→ **Record extracts**
____

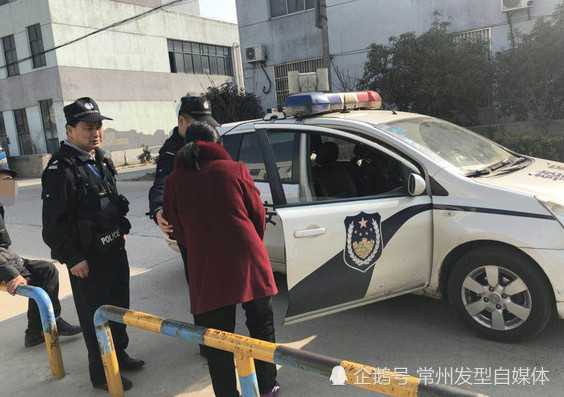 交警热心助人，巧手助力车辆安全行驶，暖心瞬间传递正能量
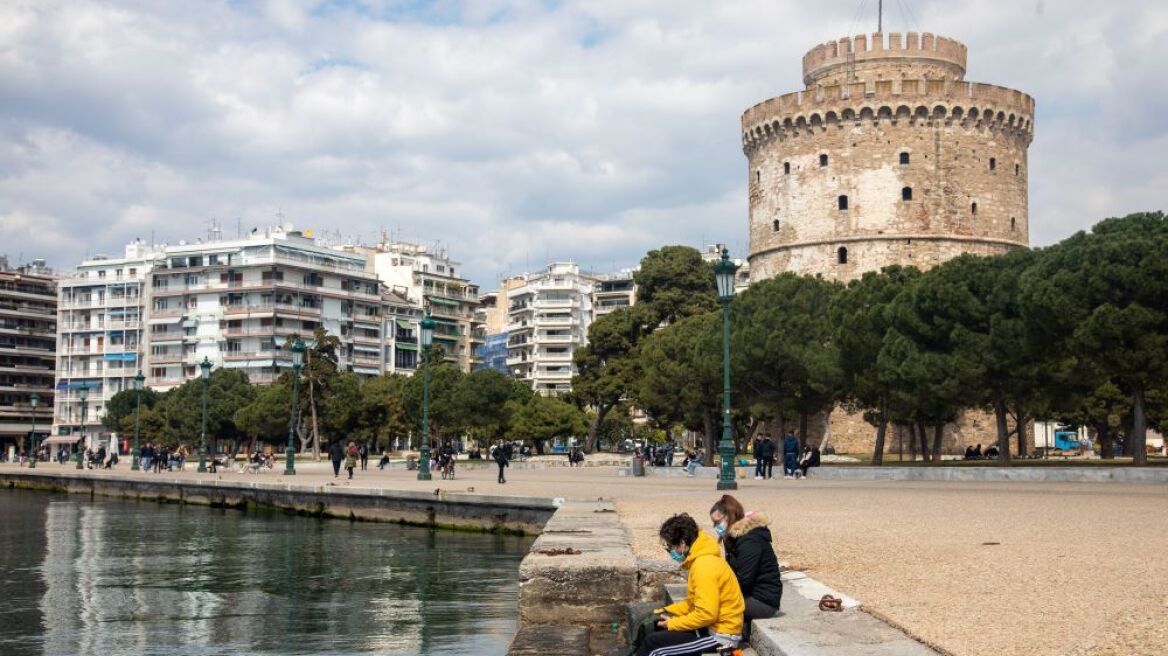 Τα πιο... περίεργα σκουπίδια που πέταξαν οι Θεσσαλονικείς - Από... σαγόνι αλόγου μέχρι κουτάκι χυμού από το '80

____

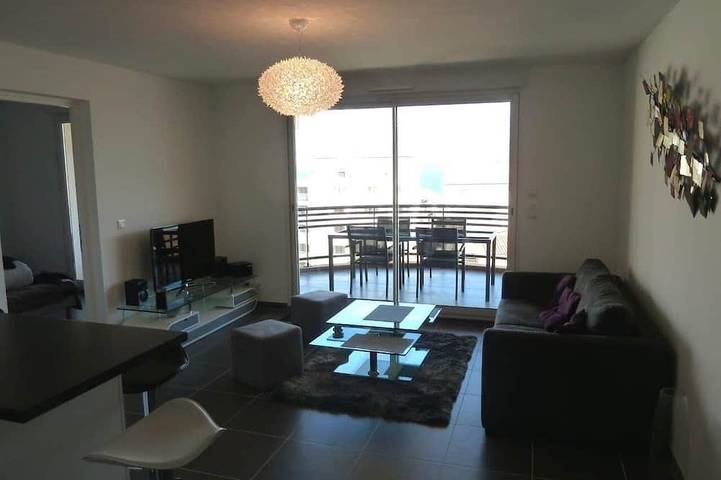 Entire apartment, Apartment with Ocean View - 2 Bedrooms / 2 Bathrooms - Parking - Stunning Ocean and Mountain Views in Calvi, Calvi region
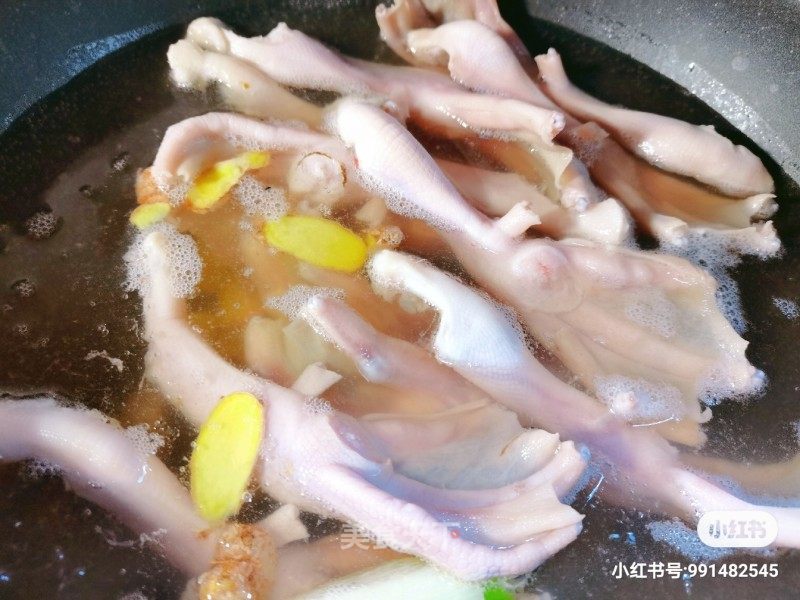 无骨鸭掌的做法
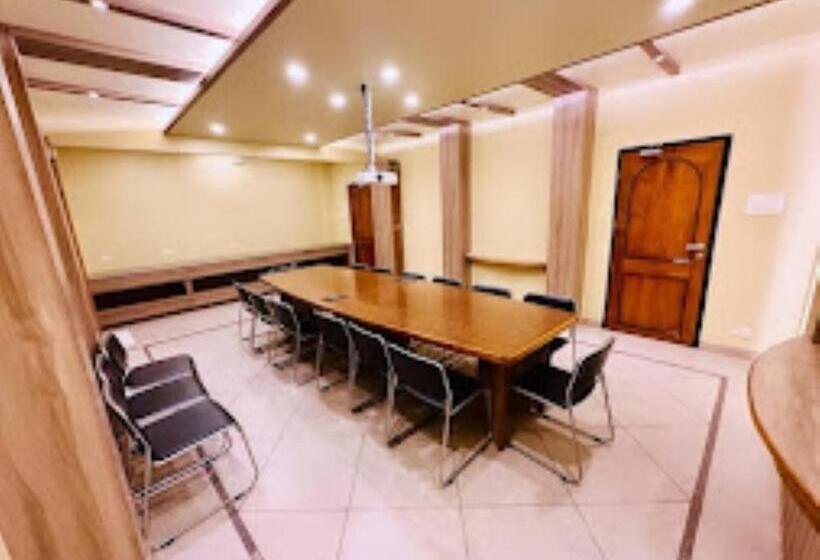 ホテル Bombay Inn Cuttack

____

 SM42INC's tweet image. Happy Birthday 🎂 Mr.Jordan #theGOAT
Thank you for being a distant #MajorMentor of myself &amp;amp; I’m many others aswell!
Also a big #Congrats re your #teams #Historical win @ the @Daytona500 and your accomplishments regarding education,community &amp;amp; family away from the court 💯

____

→ **To do**
Using the data above, retype exactly the lines from the line with "交警热心助人，巧手助力车辆安全行驶，暖心瞬间传递正能量" to the line with "Τα πιο... περίεργα", inclusive. No pictures and nothing else.

→ **Response for this exercise**
 交警热心助人，巧手助力车辆安全行驶，暖心瞬间传递正能量
 Τα πιο... περίεργα σκουπίδια που πέταξαν οι Θεσσαλονικείς - Από... σαγόνι αλόγου μέχρι κουτάκι χυμού από το '80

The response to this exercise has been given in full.